Mais pourquoi CE livre en particulier me demanderez-vous ?
Eh bien d’abord parce qu’il s’agit d’un roman historique et que je suis passionnée d’Histoire.
Et aussi parce qu’il traite (secondairement certes mais c’est toujours ça) de mon personnage historique préféré, adulé, chéri d’entre tous : Alexandre Le Grand.
Le juste milieu est en réalité une biographie romancée du célèbre Aristote se concentrant essentiellement sur la période qu’il a passée en Macédoine comme précepteur du jeune Alexandre. Le récit se fait à la première personne et nous happe totalement nous plongeant en pleine Macédoine antique.
Le style est agréable, posé, quelques fois ponctué de mots vulgaires que j’ai trouvé déplacés. Enfin … disons que mis dans la bouche des Macédoniens, je peux comprendre que l’auteur ait souhaité marquer le contraste entre le côté rustre et grossier des mœurs macédoniennes par opposition au raffinement et à la sophistication des mœurs grecques. Mais des grossièretés mises dans la bouche d’Aristote, ça m’a gênée. Mais je précise bien qu’elles sont très ponctuelles, c’est d’autant plus dérangeant car pas en accord avec le ton et le style employé dans la majorité du récit.
Je vous rassure, j’ai commencé par un point négatif mais c’est le seul reproche que j’ai à faire à ce roman.
En vérité, je l’ai adoré et ça a été un véritable coup de cœur.

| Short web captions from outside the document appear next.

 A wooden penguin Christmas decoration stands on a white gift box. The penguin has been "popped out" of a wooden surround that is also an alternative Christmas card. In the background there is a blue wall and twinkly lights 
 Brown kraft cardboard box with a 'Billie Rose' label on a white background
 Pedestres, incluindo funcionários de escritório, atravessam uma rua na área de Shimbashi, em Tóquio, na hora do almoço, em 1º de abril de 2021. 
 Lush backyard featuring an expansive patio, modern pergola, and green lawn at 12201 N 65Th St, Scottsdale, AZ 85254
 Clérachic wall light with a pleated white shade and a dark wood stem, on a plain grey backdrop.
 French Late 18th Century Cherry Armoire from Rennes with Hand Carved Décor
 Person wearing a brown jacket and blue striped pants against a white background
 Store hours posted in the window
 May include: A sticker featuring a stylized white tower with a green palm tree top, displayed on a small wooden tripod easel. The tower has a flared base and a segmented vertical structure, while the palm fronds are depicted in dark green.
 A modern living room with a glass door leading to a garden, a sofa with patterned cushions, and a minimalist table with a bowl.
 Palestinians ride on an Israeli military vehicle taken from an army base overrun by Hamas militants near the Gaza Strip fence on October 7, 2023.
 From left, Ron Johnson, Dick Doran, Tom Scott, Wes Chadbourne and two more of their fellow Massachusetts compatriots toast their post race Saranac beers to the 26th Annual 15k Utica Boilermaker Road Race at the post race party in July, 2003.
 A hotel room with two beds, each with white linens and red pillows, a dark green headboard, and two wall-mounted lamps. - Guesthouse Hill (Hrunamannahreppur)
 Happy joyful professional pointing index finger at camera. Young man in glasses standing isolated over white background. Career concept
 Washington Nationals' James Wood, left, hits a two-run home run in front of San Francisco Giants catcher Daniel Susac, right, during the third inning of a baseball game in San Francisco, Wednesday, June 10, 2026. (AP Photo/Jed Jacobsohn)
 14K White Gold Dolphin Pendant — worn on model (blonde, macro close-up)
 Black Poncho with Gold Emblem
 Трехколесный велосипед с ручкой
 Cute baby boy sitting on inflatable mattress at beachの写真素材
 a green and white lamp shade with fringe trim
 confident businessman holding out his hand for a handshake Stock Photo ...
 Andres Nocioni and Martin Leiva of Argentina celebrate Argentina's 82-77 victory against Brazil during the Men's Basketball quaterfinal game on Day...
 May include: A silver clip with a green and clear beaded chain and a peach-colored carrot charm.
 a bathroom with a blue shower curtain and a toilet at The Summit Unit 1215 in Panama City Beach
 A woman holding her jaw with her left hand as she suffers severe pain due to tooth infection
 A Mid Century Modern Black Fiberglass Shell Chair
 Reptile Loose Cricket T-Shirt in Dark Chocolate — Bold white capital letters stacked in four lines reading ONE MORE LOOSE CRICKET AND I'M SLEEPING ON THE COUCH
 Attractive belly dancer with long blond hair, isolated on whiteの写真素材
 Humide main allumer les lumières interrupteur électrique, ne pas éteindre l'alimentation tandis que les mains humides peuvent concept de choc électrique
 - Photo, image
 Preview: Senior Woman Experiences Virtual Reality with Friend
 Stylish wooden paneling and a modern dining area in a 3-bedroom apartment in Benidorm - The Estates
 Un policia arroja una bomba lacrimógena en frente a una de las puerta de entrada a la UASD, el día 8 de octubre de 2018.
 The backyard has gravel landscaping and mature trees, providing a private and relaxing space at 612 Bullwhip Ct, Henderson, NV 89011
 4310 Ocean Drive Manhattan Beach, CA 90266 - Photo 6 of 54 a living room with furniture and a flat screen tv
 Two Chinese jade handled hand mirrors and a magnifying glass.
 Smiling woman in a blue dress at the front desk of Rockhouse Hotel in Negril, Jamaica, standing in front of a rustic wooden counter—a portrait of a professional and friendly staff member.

Je craignais que l’auteur insiste trop sur les théories philosophiques d’Aristote mais il n’en est rien. Les passages où il donne des leçons à Alexandre sont finalement peu nombreux et très clairs et ne sont pas sans pousser le lecteur à la réflexion. L’essentiel du récit se concentre principalement sur la propre formation d’Aristote et sur sa vie privée. Le cadre évènementiel est très présent et bien expliqué, les descriptions des personnages et de leur caractère sont réalistes et en accord avec ce qu’en dit la recherche historique. J’ai apprécié que l’auteur précise en fin d’ouvrage les éléments purement fictionnels et les « aménagements » faits à l’Histoire pour les besoins du récit.
J’ai l’impression, à la sortie de cette lecture, de mieux connaître Aristote. Il n’est plus pour moi le simple philosophe que tout le monde connaît mais un être humain qui a vécut, grandit, ressentit, aimé.
J’ai vraiment apprécié de voir revivre sous la plume d’Annabel Lyon ces grands personnages de l’Histoire que furent Aristote, Philippe de Macédoine, Platon et bien sûr Alexandre. Elle a su recréer avec intelligence ce qu’ont pu être les rapports entre Aristote et le jeune futur conquérant ainsi que l’influence que le précepteur a pu avoir sur son prestigieux élève.
Un petit extrait :
« « Non, dis-je, un roi doit toujours s’exprimer clairement.
- Parler, parler, parler… J’en ai assez ! Assez des leçons, de la diplomatie, assez de rester au palais pour charmer les dignitaires de passage à la cour de mon père. Savez-vous ce que Carolus m’a appris ? Il m’a dit qu’il n’y avait jamais aucune vérité dans les mots, mais seulement dans le corps. Il dit aussi que dès qu’un personnage parle, c’est pour dissimuler ce qu’il veut vraiment dire. Les mots sont la surface sous laquelle il faut regarder. Il dit que les meilleurs acteurs sont ceux qui parlent avec leur corps, et qu’on se souvient davantage de leurs gestes que des mots qu’ils prononcent.
- J’imagine qu’il parlait du théâtre … »
J’imagine que ce qu’il voulait, c’était mettre le garçon à quatre pattes.
« Il parlait de la vie. Nous sommes tous plus vrais par le corps que nous ne pourrons jamais l’être par la parole.
- J’aimerais beaucoup voir Carolus exprimer un théorème pythagoricien sans aucun recours à la parole …
- J’ai envie de me battre. » »
Bref, je loue le remarquable travail de recherche et d’écriture qu’a effectué Annabel Lyon et je conseille vivement ce roman.
Je remercie infiniment Babelio et les Editions La Table Ronde pour m'avoir permis cette découverte.